Escribir de oído
Por Antonio Jiménez Morato
Miércoles 01 de agosto de 2018
"Los músicos, como las sirenas de Kafka, saben que es con su canto con lo que atraen a los marineros a su perdición, pero son plenamente conscientes de que su verdadero poder radica en su silencio. Por eso debiera entenderse ese silencio de Sánchez como la más osada, la más poderosa de todas sus decisiones como compositor".
Por Antonio Jiménez Morato.
Un buen poeta interrumpe en medio de la conversación para informar a su interlocutor que, de modo premeditado o no, ha soltado un endecasílabo, o un octosílabo, acaso un alejandrino, perfecto. Los poetas, esos extraños escritores que atienden al sonido y no sencillamente combaten con la lengua, tienen una relación personal con la música. Saben ver, por así decirlo, la pauta rítmica, la respiración, que a veces se diluye en el habla hasta pasar totalmente desapercibida. Los poetas, aún, se aferran a la oralidad, a la cadencia hablada. Los poetas hacen música con las palabras. Es un cliché, sí, pero no por ello deja de ser cierto. A veces los poetas se visten con la piel de los narradores, pero no dejan de ser poetas. Por ejemplo, es el caso de Saer. Cualquiera que haya leído a Saer sabe que no se trata sólo de contar una historia, ni de plasmar en demoradas descripciones que parecen dilatar la experiencia y tornarla trascendente lo que persigue. No, en los textos donde llegó más lejos (La mayor, Nadie nada nunca), sentimos el latido de un poeta, la cadencia del habla, la voluntad de transcribir, de transportar, de transmutar la palabra en escritura.
No es eso lo que pretendía Néstor Sánchez. A Sánchez le vino mal (bien a efectos de carrera literaria, pero mal porque generó ciertos malentendidos) que se lo relacionase siempre con Cortázar. Incluso los que han creído ver en el Sánchez enloquecido, vagabundeando por las ciudades norteamericanas, una suerte de réplica del Oliveira de Rayuela. Resulta evidente cuando uno transita por Nosotros dos lo que le fascinaba a Cortázar de la escritura de Sánchez: que era jazz. No era ritmo, o no sólo, era algo más, era locura y desenfreno, era la vocación liberada, tonal, improvisación mil veces ensayada, del mejor jazz. Todos saben que el jazz tiene ritmo, pero está difuminado. Todos saben que el jazz juega con melodías, pero las descoyunta y recompone.

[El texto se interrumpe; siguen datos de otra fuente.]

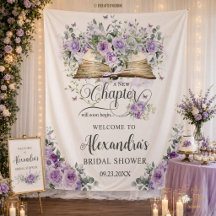 Bem-vindo ao Capítulo Nupcial Floral Roxo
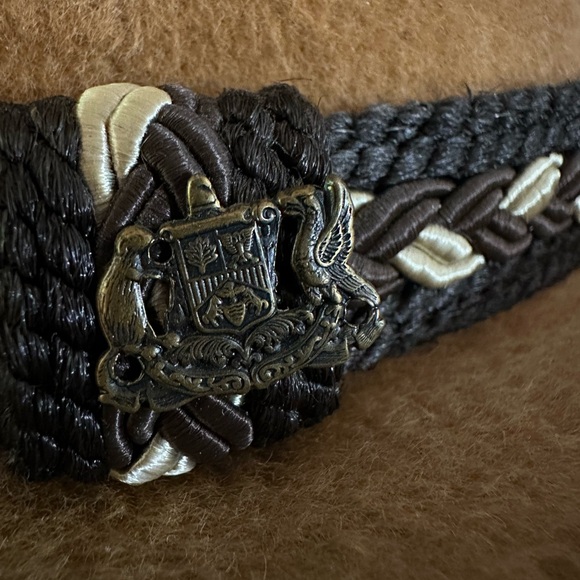 VTG Mens "Stetson" Fedora (The Sovereign) Tan Braided Band size 7 Jazz Hat - Picture 6 of 13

Todos saben que el jazz juega con las armonías de modo libre y asociativo, pero siempre uno puede entender las ligazones que permiten que cuando uno escucha un ensemble jazzístico tengamos la sensación de estar escuchando una canción y no una superposición de instrumentos que tocan simultáneamente. Hay gente que sí tiene esa sensación, obvio, pero esa gente no puede escuchar jazz. Ni siquiera el más clásico, los temas pertenecientes al swing, al cool, nada. El jazz puede parecer sencillo, pero nunca lo es. Es, pretendidamente, de modo intencionado, acaso fatal, sofisticado. Esa es la única condición del jazz. El jazz, que como es sabido nació en New Orleans del choque de los ritmos africanos con las melodías de la música occidental, fue y será, siempre, sofisticado. No puede no serlo. Y eso mismo sucede con la escritura de Néstor Sánchez, el negro que publicó Nosotros dos en 1966, Siberia blues en 1967, El amhor, los orsinis y la muerte en 1969 y Cómico de la lengua en 1973. Cito así, de carrerilla, la bibliografía de Sánchez porque sólo leyendo la secuencia, entendiéndola causalmente, melódicamente (en la melodía el orden de los factores altera el producto), puede comprenderse su desaparición. Porque sí, Sánchez desapareció durante quince años para emitir, como en el poema de Elliot, un suspiro, antes de un nuevo silencio, ya absoluto, en que se envolvió hasta su muerte y del que sólo ahora, en la necrófila y devota distancia, lo van sacando sus feligreses, convencidos de que a Sánchez hay que leerlo. Cuando, en realidad, hay que escucharlo.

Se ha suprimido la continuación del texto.